### ASSIGNMENT
Write the records below out again exactly as given, with no images.

### SUPPLIED ENTRIES
━━━━

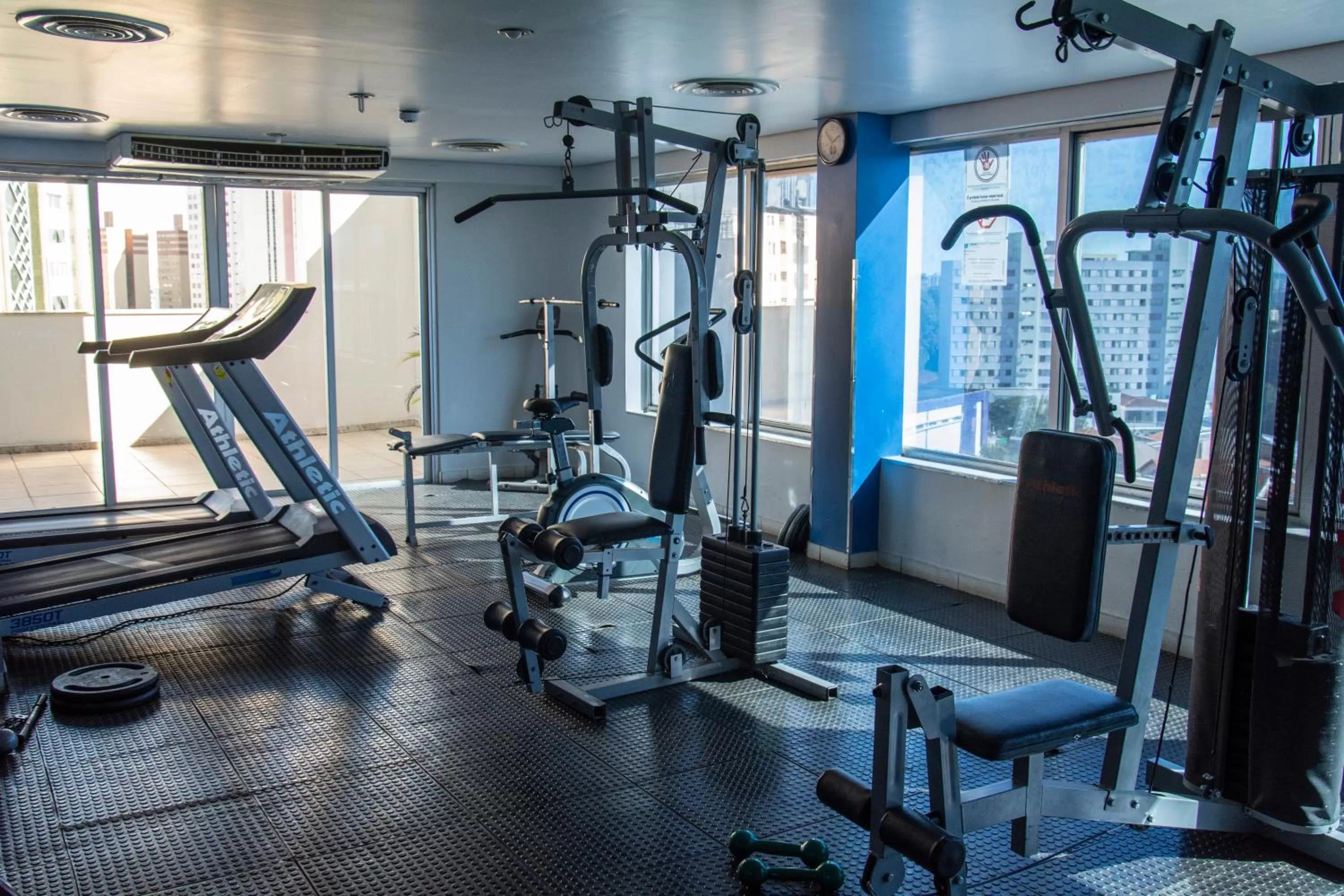 Fitness centre/facilities in Hotel Dan Inn São José dos Campos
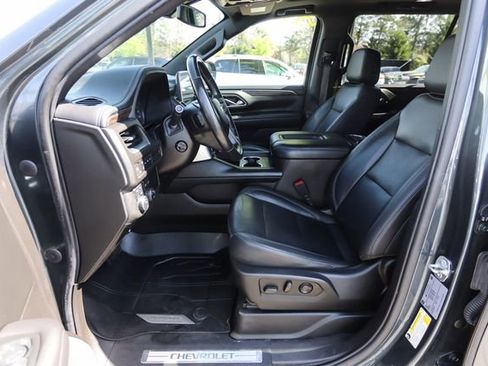 Used 2021 Chevrolet Suburban LT w/ Luxury Package image 45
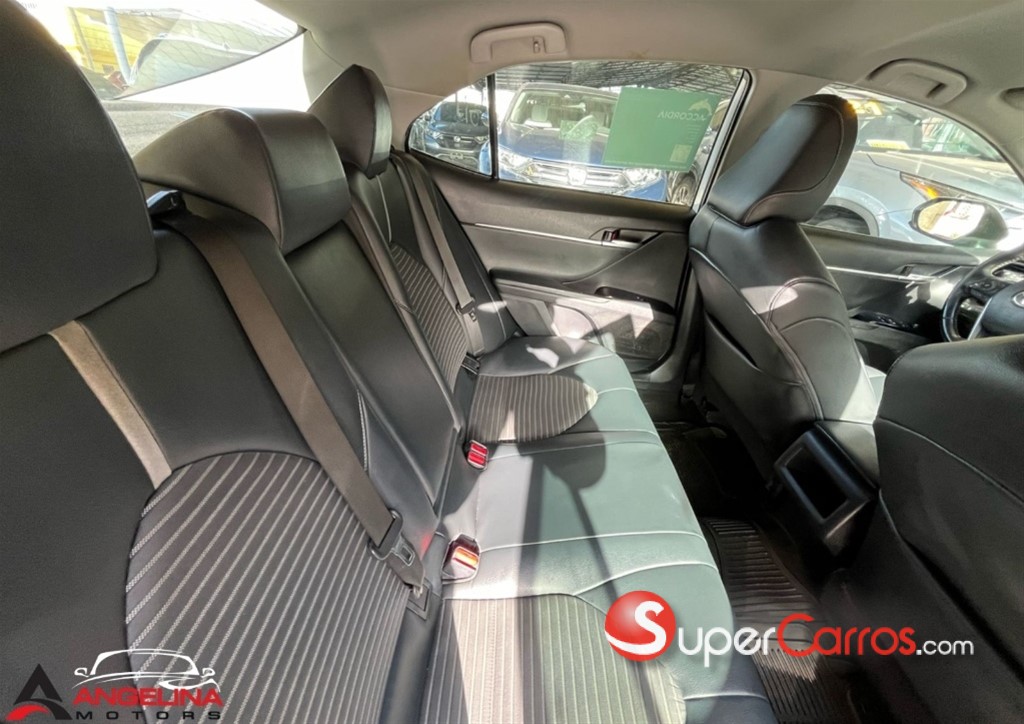 2019 Toyota Camry SE — foto 9 / 11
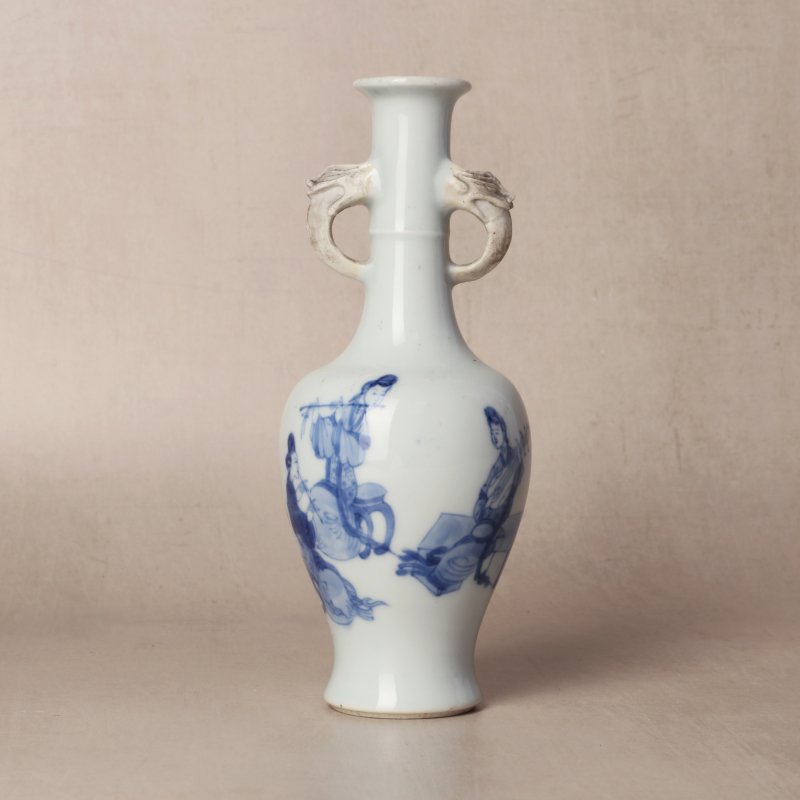 清康熙 青花奏樂圖雙耳瓶 | Santos Collection | A fine Chinese blue and white 'musicians' twin-handled vase, Qing dynasty, Kangxi period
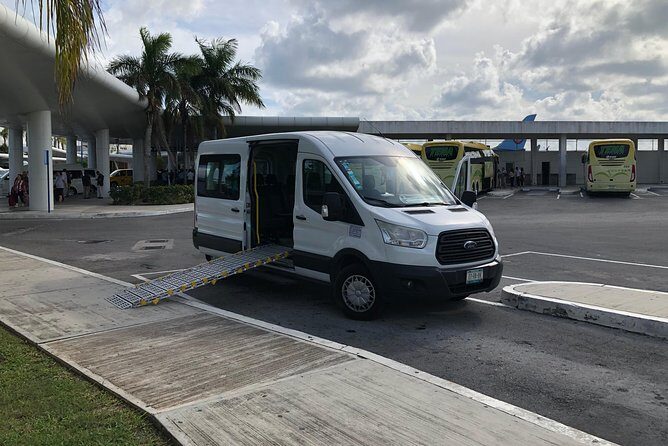 Transportation from the Airport to Hotels in Cancun arrival only - What Does the Transfer Cover?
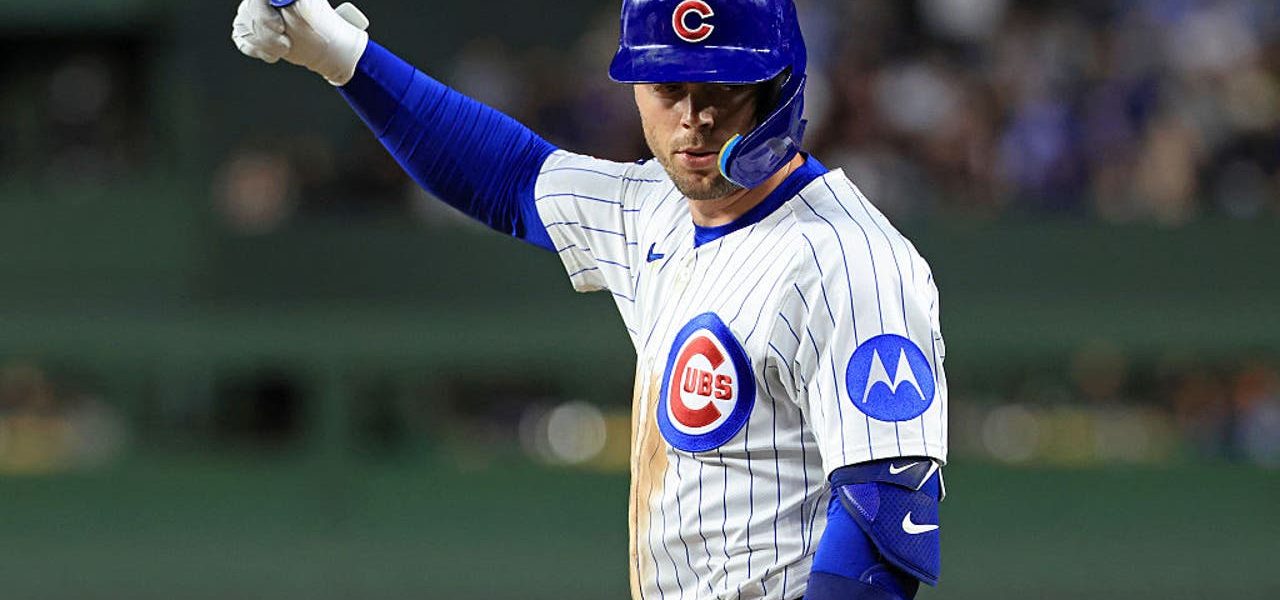 Alvarez hits 2-run homer in 8th as Mets rally to beat Cubs 9-7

━━━━

### RESULT OF THIS TASK
 Fitness centre/facilities in Hotel Dan Inn São José dos Campos
 Used 2021 Chevrolet Suburban LT w/ Luxury Package image 45
 2019 Toyota Camry SE — foto 9 / 11
 清康熙 青花奏樂圖雙耳瓶 | Santos Collection | A fine Chinese blue and white 'musicians' twin-handled vase, Qing dynasty, Kangxi period
 Transportation from the Airport to Hotels in Cancun arrival only - What Does the Transfer Cover?
 Alvarez hits 2-run homer in 8th as Mets rally to beat Cubs 9-7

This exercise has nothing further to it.